## Your objective
Excluding images, repeat the data exactly as given.

## Material provided

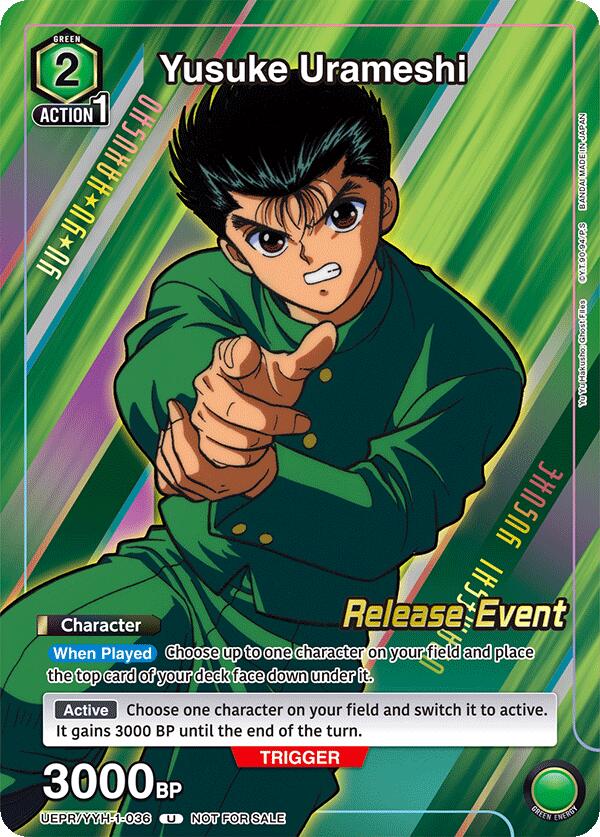 Yusuke Urameshi (Release Event Participation)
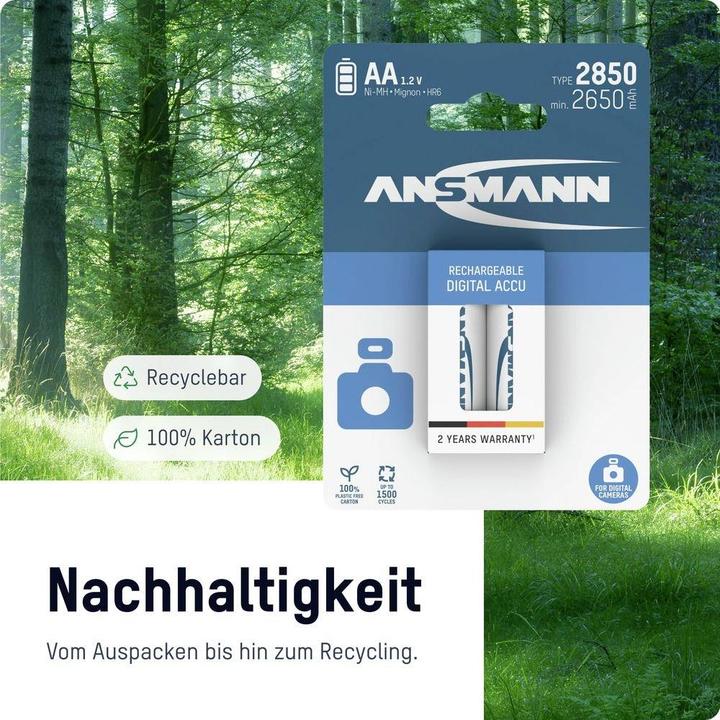 Produktbild Ansmann AA (4 Stk., AA, 2850 mAh)
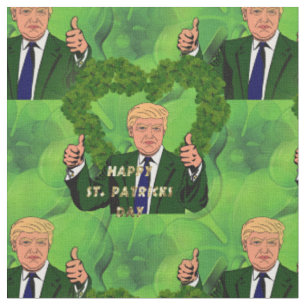 st patricks day donald trump fabric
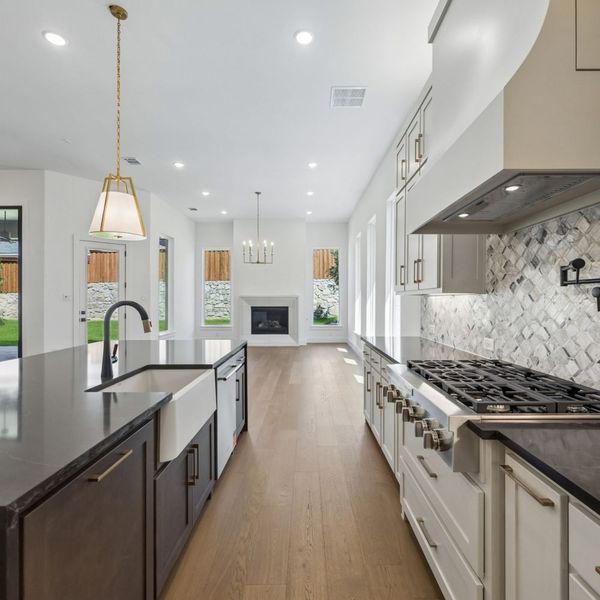 Furnished interior view inside a new home in StarView, Prosper (Image 31).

## Exercise solution
 Yusuke Urameshi (Release Event Participation)
 Produktbild Ansmann AA (4 Stk., AA, 2850 mAh)
 st patricks day donald trump fabric
 Furnished interior view inside a new home in StarView, Prosper (Image 31).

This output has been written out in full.